It’s amazing how the mood of a four-month-old baby can change in an instant, and for no apparent reason.

One minute, they’re laying blissfully on a play-mat, like it’s a beach in the Caribbean, and all is right with the world.

The next, it’s as though a nuclear weapon has been detonated on that beach, and they have been transported into the fourth layer of hell.

Recently, and for reasons unknown to the wife and I, our little girl has taken a complete aversion to her rocker.

A chair that once brought happiness, and provided a welcome break, now brings real tears. “There must be way we can get her back in there,” says the wife.

Turns out there is, by doing something that we both said we never would – plonking her in front of the television.

It’s funny how quickly baby ethics go out of the window when faced with a screaming daughter for a few hours straight.

The motion and colours of CBeebies seem to work wonders and soon Elizabeth has completely forgotten what she didn’t like about the chair, if she even remembers.

Being the first time I have watched children’s television for the best part of 25 years, I am intrigued to see how it has developed over time. To begin with, it’s all a bit disappointing. I see a fairly nondescript programme about a talking sheep, followed by a re-run of those blasted Teletubbies.

But the next thing on makes me sit up sharply.

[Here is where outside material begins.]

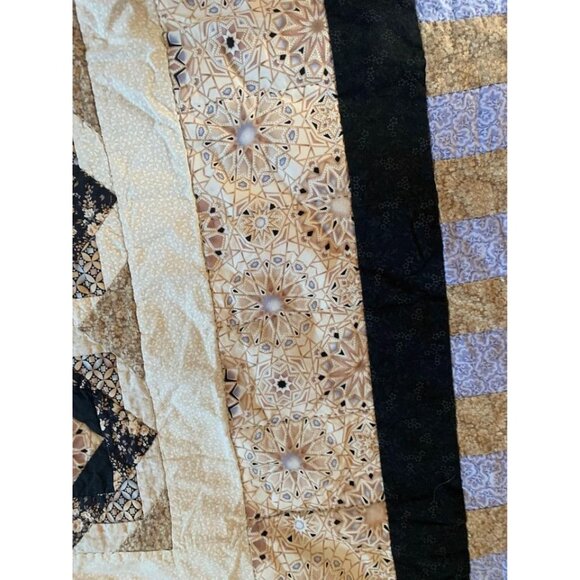 Handmade Patchwork Quilt 62” x 69” Geometric Patterns & Earthy Tones - Picture 4 of 8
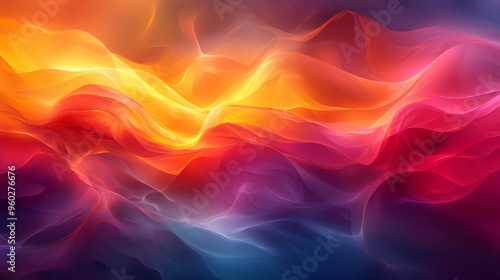Wallpaper Mural Vibrant swirls of color create an abstract art piece reminiscent of a sunset over a serene landscape Torontodigital.ca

It’s an absolute classic from my childhood, and a man whose curtains graced my bedroom until middle school when I started having friends round and begged my mum to take them down.

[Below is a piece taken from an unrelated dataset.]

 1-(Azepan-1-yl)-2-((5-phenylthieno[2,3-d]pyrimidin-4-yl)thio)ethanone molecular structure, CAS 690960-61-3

Yes that’s right, the Royal Mail legend that is Postman Pat.

But hang-on just a minute, this isn’t a re-run, it’s a new version and all of a sudden, I’m worried. What might they have done to Pat?

I watch with apprehension. The theme tune is roughly the same – sung by someone else but nevertheless acceptable.

Pat’s van certainly seems bigger, and Jess looks as though he’s piled on the timber, but the opening stages are enjoyable.

Even if the pair appear to be working less for Royal Mail these days, and more for a shadow postal organisation known as the ‘Special Delivery Service’.

In this episode, Pat is dispatched to deliver a birthday parcel, but there’s a problem. It’s stuck on a train.

I’m gripped for the next 10 minutes as I watch Pat receive co-ordinates from an operator with a headset (on his hands-free in the van of course), race to the where the train is, locate the parcel and jump from the moving express back into his van while Jess holds the wheel.

It was exhausting. Postman Pat? It was more like an episode of 24.

In my day, some sheep would be loose in Greendale and he’d have to round them up before he could continue his deliveries, or a dog would bite a hole in his letters sack. These were real village postie problems.

Whatever next? An assassination attempt on Mrs Goggins? Ted Glen acting as double agent? Or perhaps Reverend Timms smuggling arms through the church?